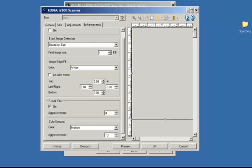This concludes the Kodak Perfect Page image processing features. Be sure to check out other Kodak SmartTouch application videos.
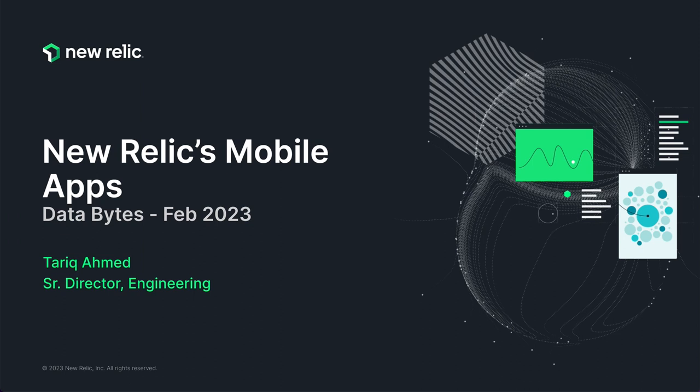Hi there. In this Databytes episode, we're going to talk about our mobile apps, its navigation, and two very popular features, alerts and dashboards.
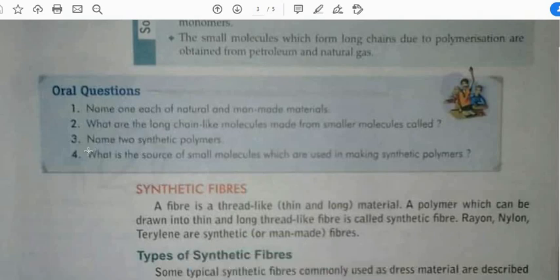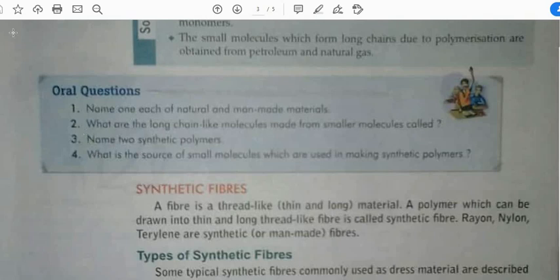Please note down all the important points given in these videos and the PDF provided to you. The answers for all these questions should be written in your new chemistry copy. Once you come to school, I will collect the copies and check all these things. The next video will be on synthetic fibers. Thank you so much, children. Jai Hind!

----

### Task brief
Starting with the first line of the material above and ending with the line that holds "Hi there. In", write out those lines exactly, without pictures.

### Expected answer
This concludes the Kodak Perfect Page image processing features. Be sure to check out other Kodak SmartTouch application videos.
Hi there. In this Databytes episode, we're going to talk about our mobile apps, its navigation, and two very popular features, alerts and dashboards.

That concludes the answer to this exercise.